**Input data:**
▶
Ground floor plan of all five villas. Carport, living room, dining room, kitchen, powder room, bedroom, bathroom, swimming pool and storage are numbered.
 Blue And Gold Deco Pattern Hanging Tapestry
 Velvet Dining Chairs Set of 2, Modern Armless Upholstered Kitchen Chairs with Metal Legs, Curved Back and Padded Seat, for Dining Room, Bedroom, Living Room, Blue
◀
**Assignment:** All of the data must be set down again exactly.

**Reply to the exercise:**
Ground floor plan of all five villas. Carport, living room, dining room, kitchen, powder room, bedroom, bathroom, swimming pool and storage are numbered.
 Blue And Gold Deco Pattern Hanging Tapestry
 Velvet Dining Chairs Set of 2, Modern Armless Upholstered Kitchen Chairs with Metal Legs, Curved Back and Padded Seat, for Dining Room, Bedroom, Living Room, Blue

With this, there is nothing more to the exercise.